Journalists at the NZ Herald are on strike again, this time for four days.
They walked out at 10am this morning over the breakdown in their employment agreement negotiations. They are not
expected to return to work before 10am on Saturday.
The journalists are angry that their employer is trying to deny many of them the right to choose to be covered by the
collective agreement.
They are also concerned by management’s refusal to guarantee that they won’t be forced to write advertising copy, a move
which would contravene the journalists’ code of ethics.
The strike is the fourth by Herald journalists and follows of a 13-hour strike by journalists at the national news
agency NZPA on Sunday.
And journalists, printers and other staff at the daily newspapers owned by Rupert Murdoch-controlled INL will take
action on Thursday as the company’s shareholders meet in Wellington to discuss the Todd Corporation Sky share transfer.

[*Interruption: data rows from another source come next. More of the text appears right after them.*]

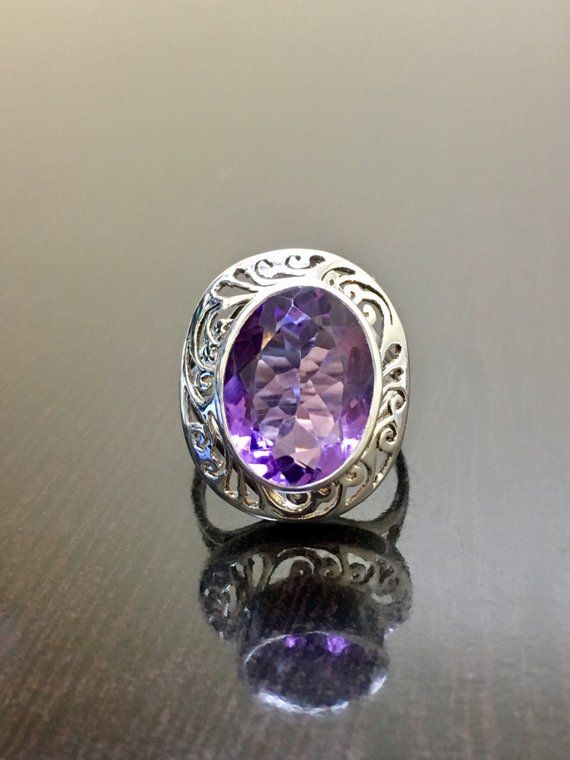 Art Deco Amethyst Engagement Ring - Sterling Silver Amethyst Wedding Ring - Silver Amethyst Ring - A Hallmarked Oval Purple Ring, Oval Purple Hallmarked Ring, Heirloom Amethyst Ring With Center Stone, Purple Amethyst Ring With Intricate Design For Promise, Purple Amethyst Promise Ring With Intricate Design, Purple Amethyst Ring With Intricate Design, Heirloom Purple Rings With Accent Stones, Formal Amethyst Ring With Intricate Design, Oval Purple Topaz Ring For Anniversary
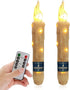 Magical Candlesticks Flameless Taper Candle, 2pcs White LED Tapered Candles Remote Dipped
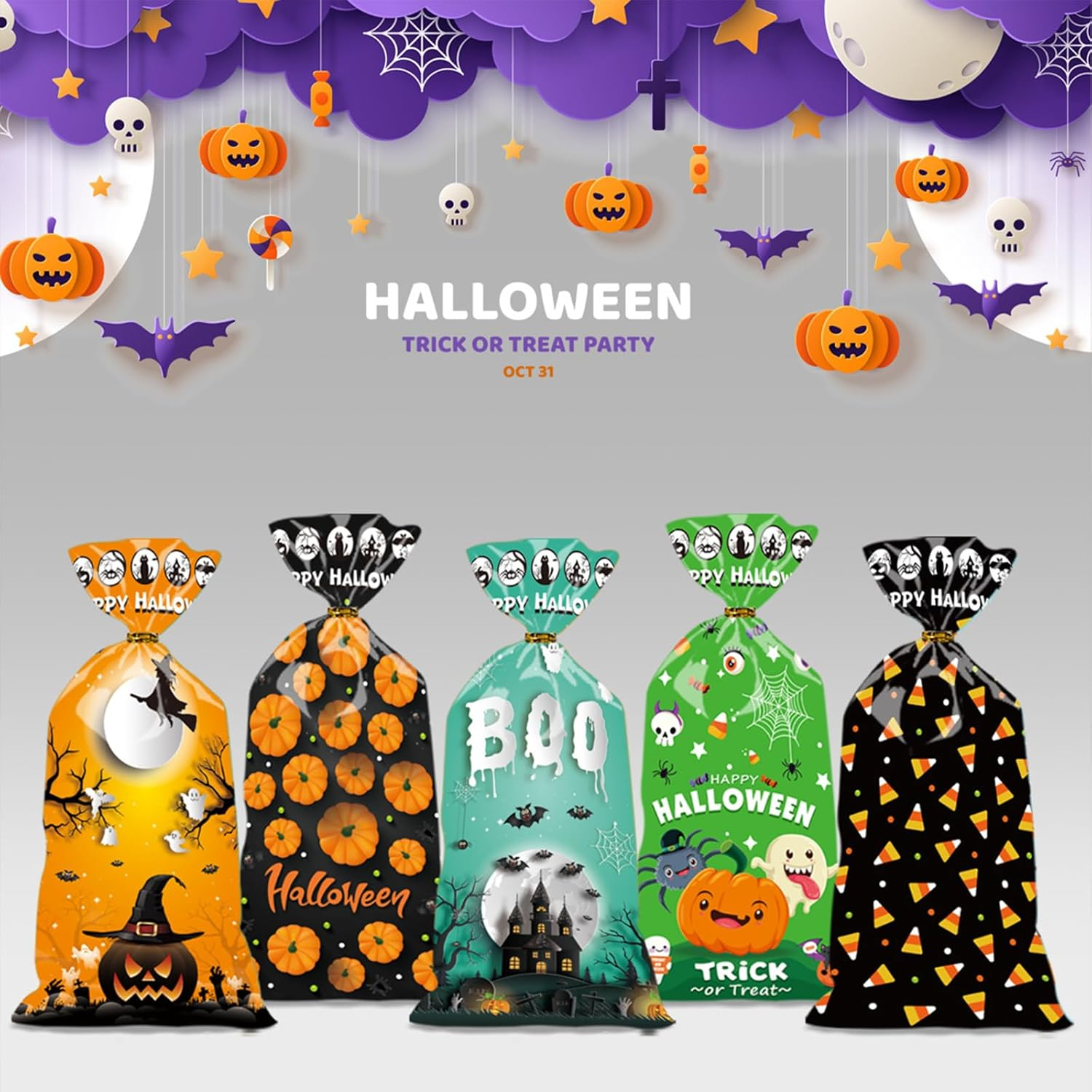 SYTHAK Halloween Treat Bags,100Pcs Bat Pumpkin Spider Witch Cellophane Plastic Bags,Trick or Treat Candy Goody Snacks Cookies Gift Bags Bulk with Twist Ties,For Holiday Halloween Party Favors Supplies image number 3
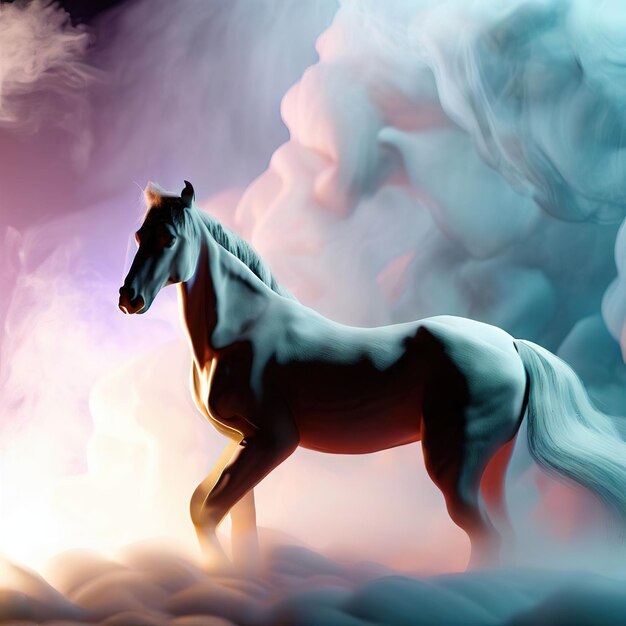 Foto un caballo está en las nubes con una cola azul.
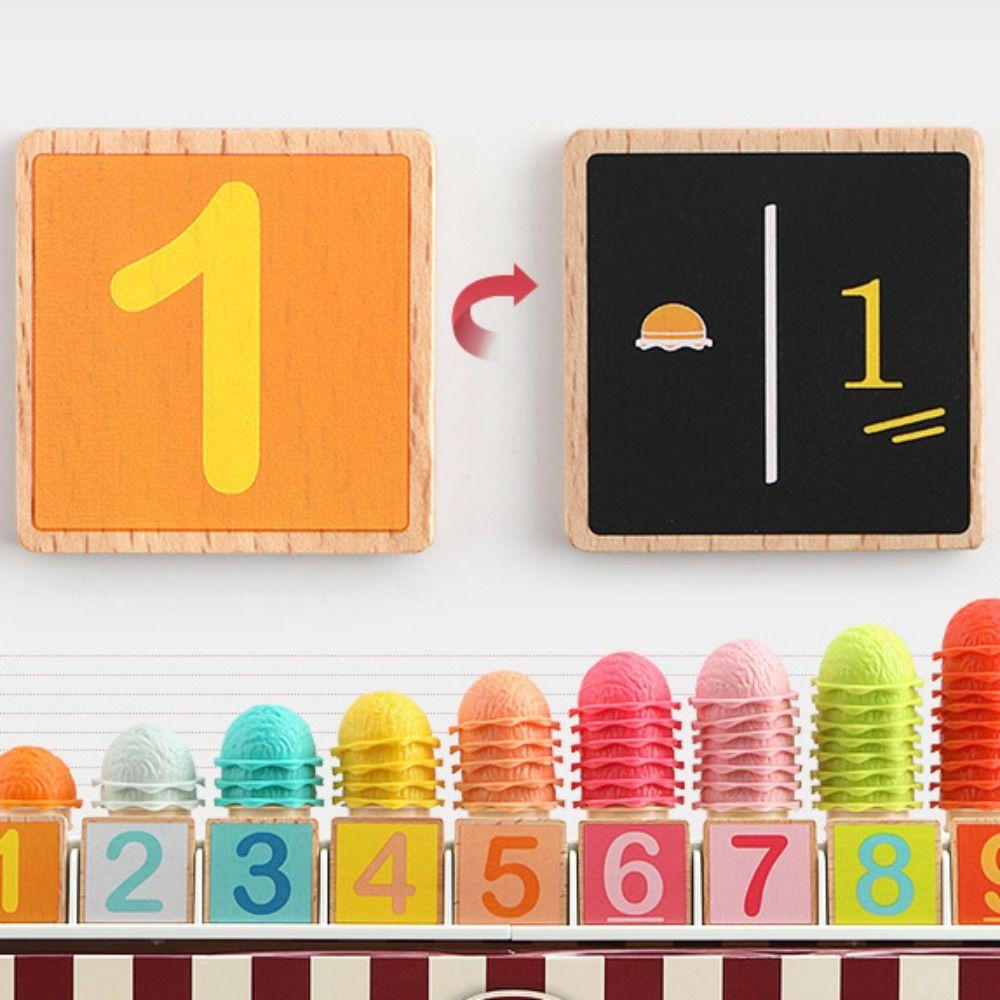 Plastic Pretend Play Food Toy Interactive Math Learning Toy Kids Ice Cream Play Set  Kids Children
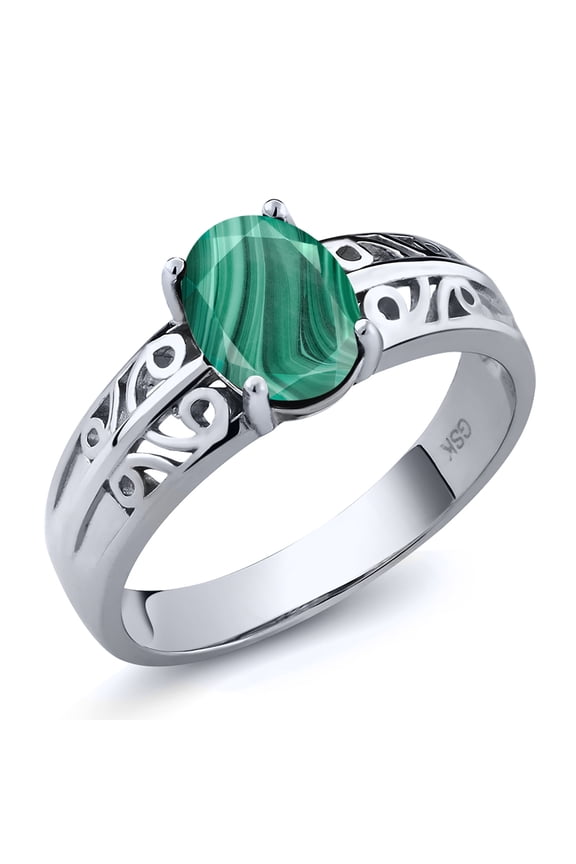 2.00 Ct Oval Green Malachite 925 Sterling Silver Ring (Size 5)
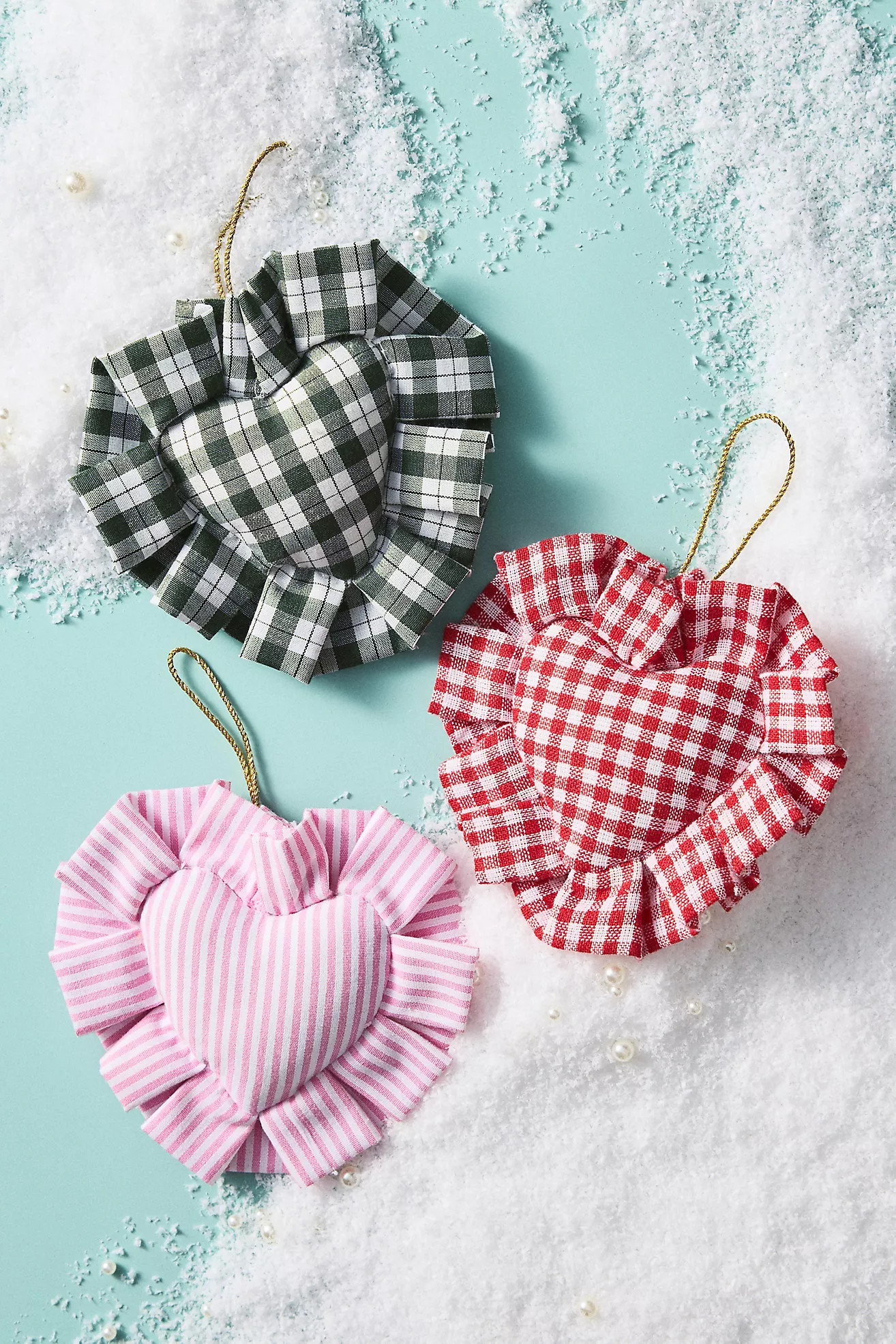 Gingham Heart Pillow Ornament | Anthropologie (US)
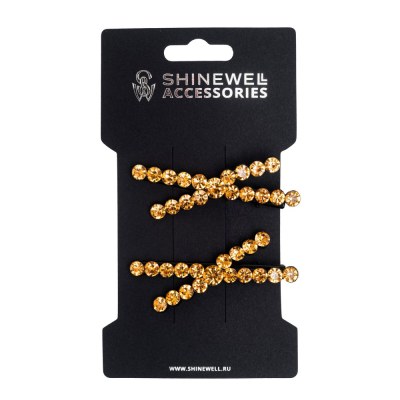 Shinewell Зажим для волос со стразами, золото, 2 шт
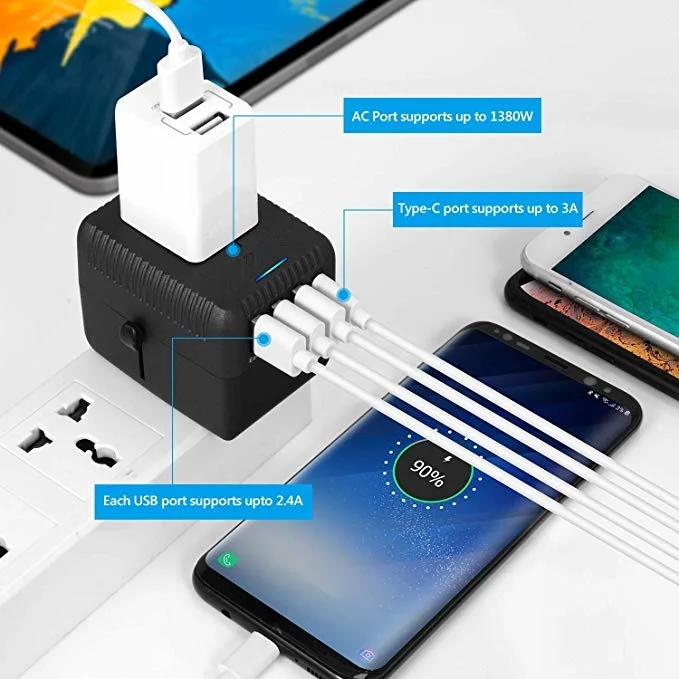 
2019 black travel adaptor conversion plug type c usb adapter with uk usa euro aus plug socket 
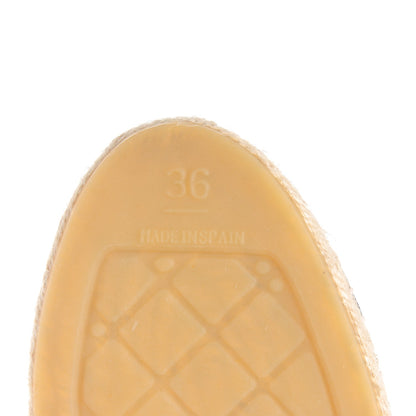 Chanel Lambskin CC Espadrilles 36 Beige Black 6 of 7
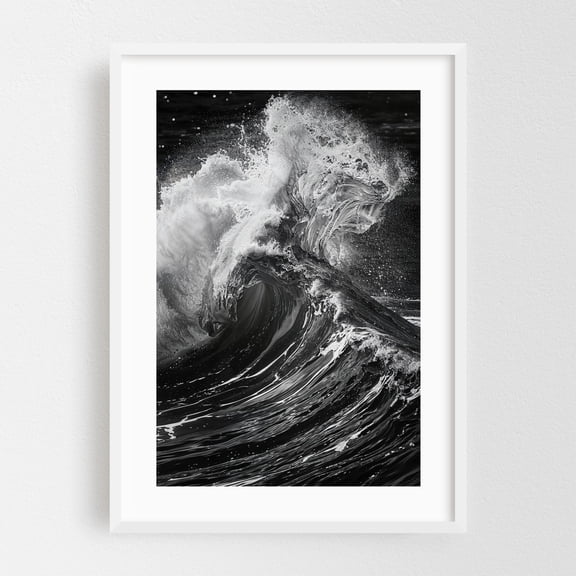 Eternal Wave - Photography Waves Ocean Black and White Abstract Seascape Coast Nature White Framed Wall Art Print 5 x 7 inches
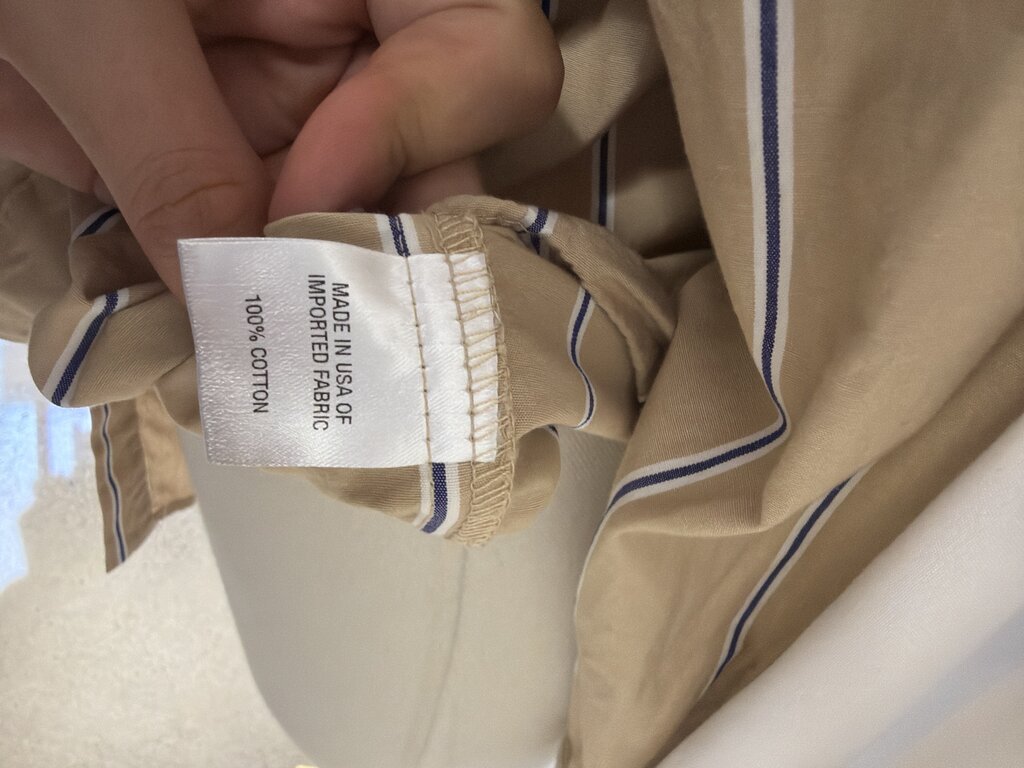 Drew Tan Striped Button Up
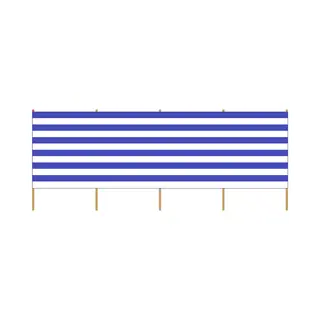 Gebro Windscherm - Gestreept Wit/donkerblauw - 3 X 1, 5 Meter - Strand/camping Scherm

Engineering, Printing and Manufacturing Union national secretary Andrew Little said that all three disputes were
fundamentally about the same thing – an employee’s right to choose how he or she wants to be represented and for that
choice to be respected by the employer.
“What’s going on at all three of these major employers appears to be part of a newspaper industry campaign to undermine
the Employment Relations Act,” he said.
“The Government was elected on a platform of industrial relations reform and this is a direct challenge to that.”